They say if you remember the '60s, you weren't really there.
Remembering the '70s and '80s is a bit different: Maybe there are scars in noses, from where those safety pins used to be.
For punks back then, there's an attitude. Because punks had to have major attitude to spike their hair with flourescent dyes while wearing high-heeled Doc Martens.
But onetime punks probably still are partial to music like this tune by X-Ray Spex.
Anita Corbin photographed the punk scene in London in the 1970s and '80s; specifically the young women of punk.
Corbin was 18 in 1977 and she was part of the scene. She was, as she put it, "a soft punk."
"I didn't have the piercings, but I did have the bright pink hair and the bright green hair."
As a young photographer, the whole scene was like eye candy.
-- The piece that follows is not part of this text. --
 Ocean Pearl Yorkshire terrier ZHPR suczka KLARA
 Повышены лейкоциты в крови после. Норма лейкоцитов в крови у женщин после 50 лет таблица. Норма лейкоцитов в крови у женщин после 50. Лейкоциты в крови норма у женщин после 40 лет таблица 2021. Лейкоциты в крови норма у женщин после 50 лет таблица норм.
"I wanted to celebrate what we as young women were doing," Corbin says, "and how punk really had given us an opportunity to be different, wear different types of clothes and not have to stay to the mainstream look of fashion."
Often, Anita Corbin's studio was the ladies room in many of the music clubs around London. It provided peace and quiet and a chance to get away from the boys.
You'll also notice that the photos are "double portraits." Corbin did that intentionally. Some of the girls are sisters, friends or lovers.
"The power of [these portraits] has lived on [for] 35 years. [There] is a relationship between the girls in the picture, but also the third person — me as a photographer."
When most people think of punk, it's the guys who come to mind.
Yeah, there was Sid Vicious and Johnny Lydon. And the fans were mostly made up of men.
But Anita Corbin's photographs remind us that women were a part of the punk scene, too. Her point? "Yes, we are here, despite maybe not being noticed all the time."
Recently, some of the women Corbin photographed got together for a reunion of sorts. They met outside a gallery where these photos are on view.
Corbin says when some of these women look back at pictures of themselves, they have told her, "I look really grumpy in that picture."
Now, nearly 35 years later, look at the photo below. All the women are smiling.
Corbin admits a certain mellowing, but adds that the attitude is still there. It's just, as she puts it, a slightly "lighter attitude."